So far, every album has failed to live up to its memory for me. I sort of wish I hadn’t gone backwards to excavate it, and this despite two flat out masterpieces among the first five. But here at # 6, Prince’s most popular album Music From The Motion Picture Purple Rain sounds much better than I remember.

Once you get past the hits, and there are a lot of them, everything else sounds good as well. The first side of the album is just about the greatest and the second side is the greatest. On CD, the album is a a handful of good to great tracks, bookended by two masterpieces of arena rock with Prince joined by the Revolution. It never sinks, it floats through one piece of hard rocking greatness to another, and, as a soundtrack to “The Kid” winning the 1st Avenue wars with Morris Day’s sleazy and harsh The Time, and getting the girl, and getting away from his family and becoming the superstar of the 80s all in one hard rocking funk warped triumph, it proves itself capable of all those things. There is nothing getting in the way here, nothing to stop his reign from happening.

The vinyl album is a little different.The vinyl album is more in keeping with Prince’s previous album 1999. It opens very strong with statement of intent teenage moondream “Let’s Go Crazy” and the Appolonia duet “Take Me With You” and then the next three songs aren’t quite as good. “The Beautiful Ones” is fine but minor, “Computer Blues” is a dated instrumental and … You may remember how Lesley Gore freaked out after hearing one of her children singing the “Masturbating with a magazine” line from “Darling Nikki” -it isn’t even the hook. This lead directly to the “Parental Warning Explicit Lyric” labeling which has done so little for so many. It is a pity it isn’t a little better, it is a pity it isn’t “Little Red Corvette” or the still to come “Raspberry Beret”, all three are female sexual power songs.

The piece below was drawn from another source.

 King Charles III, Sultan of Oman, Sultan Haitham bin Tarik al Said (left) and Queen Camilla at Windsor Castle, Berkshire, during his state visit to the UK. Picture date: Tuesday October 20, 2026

Still, if the first side isn’t as great as you may have remembered, Side Two is much better. “When Doves Cry” needs no explanation here, if you don’t know it why are you reading about Prince? One of the strongest teenage angst and romance and “oparent rebellion songs of the 80s, it trounces everything else. And it doesn’t step backwards over the following three songs, three crossover pop songs, “I Would Die For You” moves on its programmed drums, “Baby I’m A Star” is a study in the self-evident as well as his epithet, “I don’t want to stop, till I reach the top”, and the title track (loosely based on Journey’s “Faithfully” according to Pitchfork) remains his defining moment.

As fans reacted to his death, they turned to “Let’s Go Crazy” and “Purple Rain” to define where the weird one met us somewhere in the middle. These are arena singalongs, they are calls to unite from a man in his mid-twenties, who finally invited everybody to the party. And his band, The Revolution, only helped. Both songs have that definable thing that makes songs anthems, anybody can sing the hook to the title track and more, EVERYONE can sing the coda,. The guitar solo in the middle isn’t a sop to whitey, they are a guitar god reminding you he can do anything. The “uh oh let’s go” from “Let’s Go Crazy” flies in the face of the album, it leaps off it, from ‘uh oh” to “oh oh”, the songs are the opposite of gerrymandered: they are of a piece waiting for the world to claim them.

Purple Rain is not why Prince is a genius, Sign O’ The Time is his Prince is a genius moment, but it is why he is a star, it broke him all the way to the top, it made him “The Kid”. The album sounds so good today, if you back to back it with Born In The USA, they both express what Robert Christgau wrote about the latter: ” the aural vibrancy of the thing reminds me like nothing in years that what teenagers loved about rock and roll wasn’t that it was catchy or even vibrant but that it just plain sounded good.” Those words are equally true when it comes to Purple Rain, an album time has been kind to in ways it hasn’t for some of his earlier work.